Saved entries:
##############################

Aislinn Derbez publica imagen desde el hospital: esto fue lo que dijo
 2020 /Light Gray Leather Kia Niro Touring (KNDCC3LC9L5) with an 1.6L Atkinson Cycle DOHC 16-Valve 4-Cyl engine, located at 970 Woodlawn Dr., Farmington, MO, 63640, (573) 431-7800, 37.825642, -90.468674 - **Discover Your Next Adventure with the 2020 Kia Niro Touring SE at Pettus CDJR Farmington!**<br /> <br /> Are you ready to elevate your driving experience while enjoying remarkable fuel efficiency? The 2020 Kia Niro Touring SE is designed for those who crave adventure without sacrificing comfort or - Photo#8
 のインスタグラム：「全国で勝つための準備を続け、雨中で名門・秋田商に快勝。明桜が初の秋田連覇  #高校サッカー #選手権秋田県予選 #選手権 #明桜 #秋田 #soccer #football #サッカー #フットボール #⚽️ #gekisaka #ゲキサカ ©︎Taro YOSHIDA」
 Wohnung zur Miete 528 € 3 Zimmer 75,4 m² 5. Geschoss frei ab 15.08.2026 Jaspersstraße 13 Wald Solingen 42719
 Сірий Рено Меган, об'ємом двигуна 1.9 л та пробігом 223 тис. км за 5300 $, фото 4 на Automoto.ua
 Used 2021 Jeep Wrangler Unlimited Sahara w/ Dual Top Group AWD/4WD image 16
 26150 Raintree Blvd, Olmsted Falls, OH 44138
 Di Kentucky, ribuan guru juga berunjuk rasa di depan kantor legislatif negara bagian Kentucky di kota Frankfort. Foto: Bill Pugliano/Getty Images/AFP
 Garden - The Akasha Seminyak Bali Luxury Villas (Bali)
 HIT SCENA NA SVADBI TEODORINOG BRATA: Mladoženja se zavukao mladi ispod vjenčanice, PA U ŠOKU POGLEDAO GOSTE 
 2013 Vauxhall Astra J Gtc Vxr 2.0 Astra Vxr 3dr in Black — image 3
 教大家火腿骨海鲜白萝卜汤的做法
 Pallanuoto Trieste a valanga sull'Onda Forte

##############################

* WHAT YOU HAVE TO DO *
Reproduce every line of the entries above, unchanged, from the very first one down to and including the line containing "Garden - The".

* YOUR SOLUTION *
Aislinn Derbez publica imagen desde el hospital: esto fue lo que dijo
 2020 /Light Gray Leather Kia Niro Touring (KNDCC3LC9L5) with an 1.6L Atkinson Cycle DOHC 16-Valve 4-Cyl engine, located at 970 Woodlawn Dr., Farmington, MO, 63640, (573) 431-7800, 37.825642, -90.468674 - **Discover Your Next Adventure with the 2020 Kia Niro Touring SE at Pettus CDJR Farmington!**<br /> <br /> Are you ready to elevate your driving experience while enjoying remarkable fuel efficiency? The 2020 Kia Niro Touring SE is designed for those who crave adventure without sacrificing comfort or - Photo#8
 のインスタグラム：「全国で勝つための準備を続け、雨中で名門・秋田商に快勝。明桜が初の秋田連覇  #高校サッカー #選手権秋田県予選 #選手権 #明桜 #秋田 #soccer #football #サッカー #フットボール #⚽️ #gekisaka #ゲキサカ ©︎Taro YOSHIDA」
 Wohnung zur Miete 528 € 3 Zimmer 75,4 m² 5. Geschoss frei ab 15.08.2026 Jaspersstraße 13 Wald Solingen 42719
 Сірий Рено Меган, об'ємом двигуна 1.9 л та пробігом 223 тис. км за 5300 $, фото 4 на Automoto.ua
 Used 2021 Jeep Wrangler Unlimited Sahara w/ Dual Top Group AWD/4WD image 16
 26150 Raintree Blvd, Olmsted Falls, OH 44138
 Di Kentucky, ribuan guru juga berunjuk rasa di depan kantor legislatif negara bagian Kentucky di kota Frankfort. Foto: Bill Pugliano/Getty Images/AFP
 Garden - The Akasha Seminyak Bali Luxury Villas (Bali)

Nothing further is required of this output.